Fuzzyfy optimization with binary search. Several minor parameter refactorings

2018-09-18 14:59:03 -03:00 · 2018-09-18 14:59:03 -03:00 · bb983b53dd
commit bb983b53dd
parent 9b3efeef36
6 changed files with 137 additions and 61 deletions
--- a/pyFTS/common/FuzzySet.py
+++ b/pyFTS/common/FuzzySet.py
@ -63,134 +63,192 @@ class FuzzySet(object):
        return self.name + ": " + str(self.mf.__name__) + "(" + str(self.parameters) + ")"
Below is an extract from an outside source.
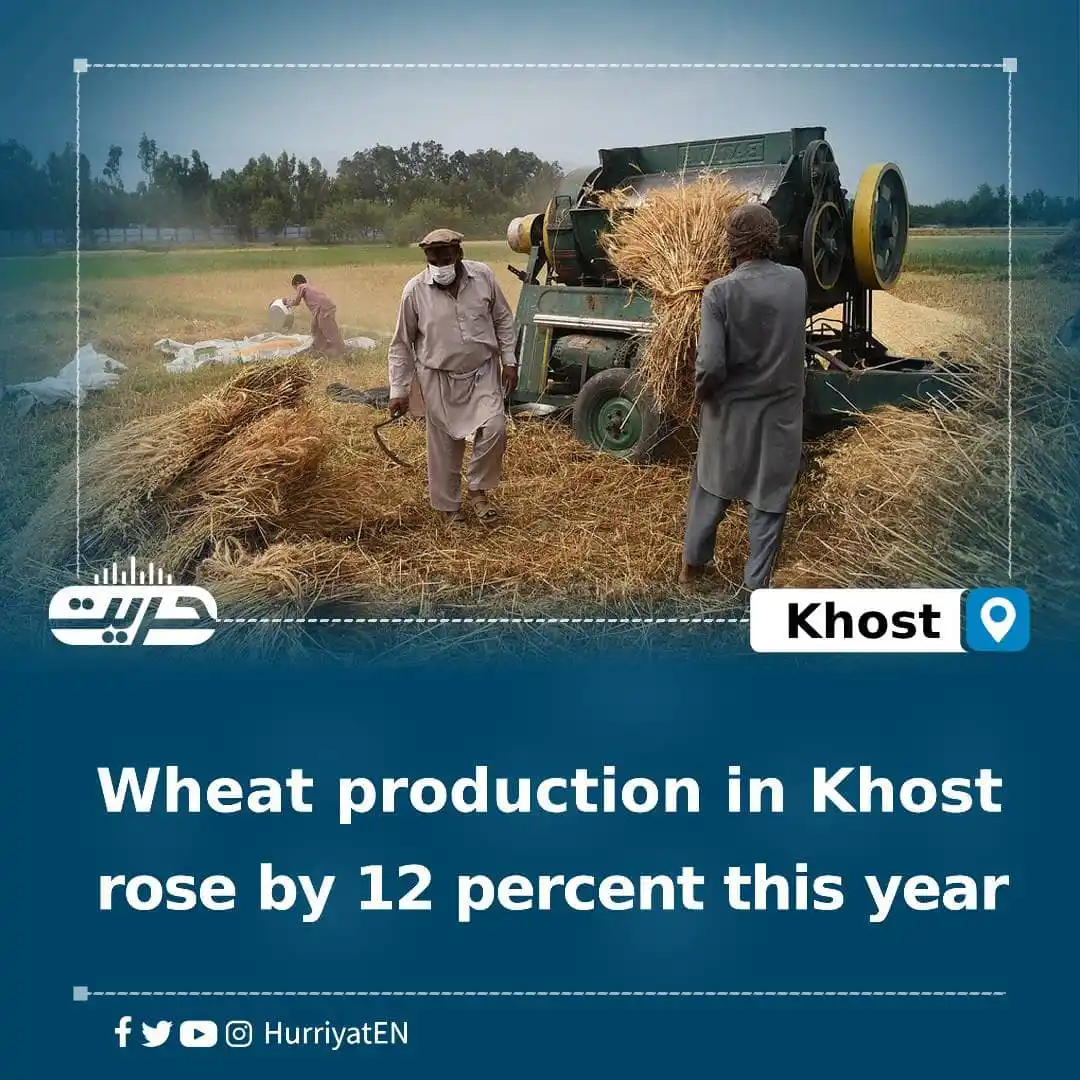 Image from Hurriyat Radio English: Wheat production in Khost rose by 12 percent this year The Khost Depa...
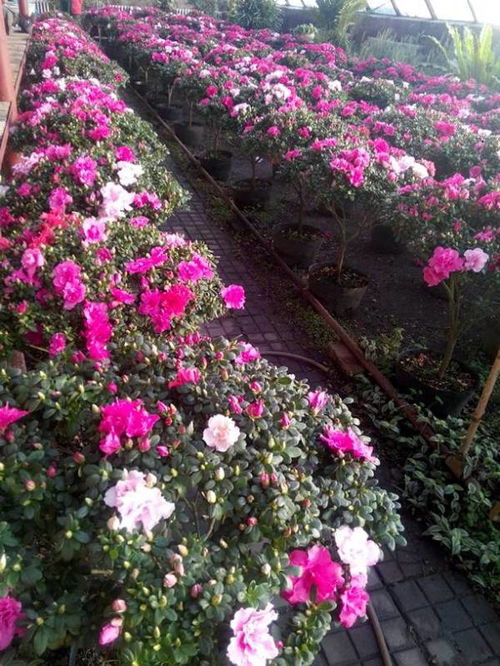 杜鹃花叶子掉光，还能否救活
-def set_ordered(fuzzySets):
-    """Order a fuzzy set list by their centroids"""
-    if len(fuzzySets) > 0:
-        tmp1 = [fuzzySets[k] for k in fuzzySets.keys()]
+def __binary_search(x, fuzzy_sets, ordered_sets):
+    """
+    Search for elegible fuzzy sets to fuzzyfy x
+
+    :param x: input value to be fuzzyfied
+    :param fuzzy_sets:  a dictionary where the key is the fuzzy set name and the value is the fuzzy set object.
+    :param ordered_sets: a list with the fuzzy sets names ordered by their centroids.
+    :return: A list with the best fuzzy sets that may contain x
+    """
+    max_len = len(fuzzy_sets)
+    first = 0
+    last = max_len
+
+    while first <= last:
+        midpoint = (first + last) // 2
+        fs = ordered_sets[midpoint]
+        fs1 = ordered_sets[midpoint - 1] if midpoint > 0 else ordered_sets[0]
+        fs2 = ordered_sets[midpoint + 1] if midpoint < max_len else ordered_sets[max_len]
+        if fuzzy_sets[fs1].centroid <= x <= fuzzy_sets[fs2].centroid:
+            return (midpoint-1, midpoint, midpoint+1)
+        else:
+            if x < fuzzy_sets[fs].centroid:
+                last = midpoint - 1
+            else:
+                first = midpoint + 1
+
+
+def fuzzyfy(data, partitioner, **kwargs):
+    alpha_cut = kwargs.get('alpha_cut', 0.)
+    mode = kwargs.get('mode', 'sets')
+    method = kwargs.get('method', 'fuzzy')
+    if isinstance(data, (list, np.ndarray)):
+        if mode == 'vector':
+            return fuzzyfy_instances(data, partitioner.sets, partitioner.ordered_sets)
+        else:
+            return fuzzyfy_series(data, partitioner.sets, method, alpha_cut, partitioner.ordered_sets)
+    else:
+        if mode == 'vector':
+            return fuzzyfy_instance(data, partitioner.sets, partitioner.ordered_sets)
+        else:
+            return get_fuzzysets(data, partitioner.sets, partitioner.ordered_sets, alpha_cut)
+
+
+def set_ordered(fuzzy_sets):
+    """
+    Order a fuzzy set list by their centroids
+
+    :param fuzzy_sets: a dictionary where the key is the fuzzy set name and the value is the fuzzy set object.
+    :return: a list with the fuzzy sets names ordered by their centroids.
+    """
+    if len(fuzzy_sets) > 0:
+        tmp1 = [fuzzy_sets[k] for k in fuzzy_sets.keys()]
        return [k.name for k in sorted(tmp1, key=lambda x: x.centroid)]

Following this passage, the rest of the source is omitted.